Quant au terme qur’ân en tant que substantif du verbe qara’a, lorsqu’il est au cas interminé, sans l’article, qur’ânan, il a pour sens récitation en référence à qara’a/réciter, cf. ex. supra. Quand qara’a concerne le mécanisme de révélation il a donc aussi pour sens composition comme en l’exemple ci-dessus. Lorsqu’il est déterminé par l’article : al-qur’ân et en lien avec qara’a/réciter, il signifie la Récitation. Mais al–qur’ân peut aussi se comprendre par le Recueil quand qara’a vaut pour rassembler, réunir, c.-à-d. le Recueil comprenant les diverses sourates qui le composent. Enfin, al-qur’ân est dans certains cas un nom propre : le Coran. Pour plus d’informations sur le terme qur’ân, voir 4- Terminologie du Révélé.

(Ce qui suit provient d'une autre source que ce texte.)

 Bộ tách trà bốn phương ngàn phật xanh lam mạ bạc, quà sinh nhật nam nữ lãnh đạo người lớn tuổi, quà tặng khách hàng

9 – Le verbe qaṣṣa : faire le récit, conter

La racine verbale qaṣṣa a pour sens premier couper à ras, d’où raccourcir, trancher, ex. : « en vérité le Jugement n’appartient qu’à Dieu. Il tranchera/qaṣṣa en toute vérité… », S6.V57. Par extension qaṣṣa signifie suivre de très près, marcher sur les traces de quelqu’un, ex : « Elle dit à sa sœur [la sœur de Moïse] : Suis-le/qaṣṣa [Moïse] », S28.V11. Cette notion a donné le sens de raconter, conter, c.-à-d. suivre de près le récit d’une chose, d’où faire le récit de, ex. : « Il y a des messagers dont Nous t’avons conté/qaṣṣa précédemment, des messagers dont Nous ne t’avons point fait le récit/qaṣṣa… », S4.V164. C’est en ce sens que le verbe qaṣṣa est principalement employé dans le Coran, mais en aucun cas n’est ainsi désignée la révélation, c.-à-d. le texte coranique en son ensemble, car le Coran n’est ni un récit ni une compilation d’histoires. De fait, le substantif qaṣaṣ/récit qualifie seulement certaines narrations qui ont été révélées au Prophète, le meilleur exemple en est la Sourate relatant le récit de Joseph : « Nous te contons/qaṣṣa le meilleur récit/qaṣaṣ », S12.V3. Le verbe qaṣṣa tout comme son substantif qaṣaṣ relèvent eux aussi de l’aspect oral de la révélation, non pas que le Coran soit révélé oralement à Muhammad, mais bien que par suite sa transmission aux Hommes soit fondamentalement orale. Ceci explique que dans le Coran qaṣaṣ, outre le sens de récit, narration, puisse avoir aussi le sens d’exposé, ex. « Certes, c’est là un exposé/qaṣaṣ véridique, et il n’y a point d’autre dieu que Dieu ; Dieu est vraiment le Tout-puissant, l’infiniment Sage. », S3.V62.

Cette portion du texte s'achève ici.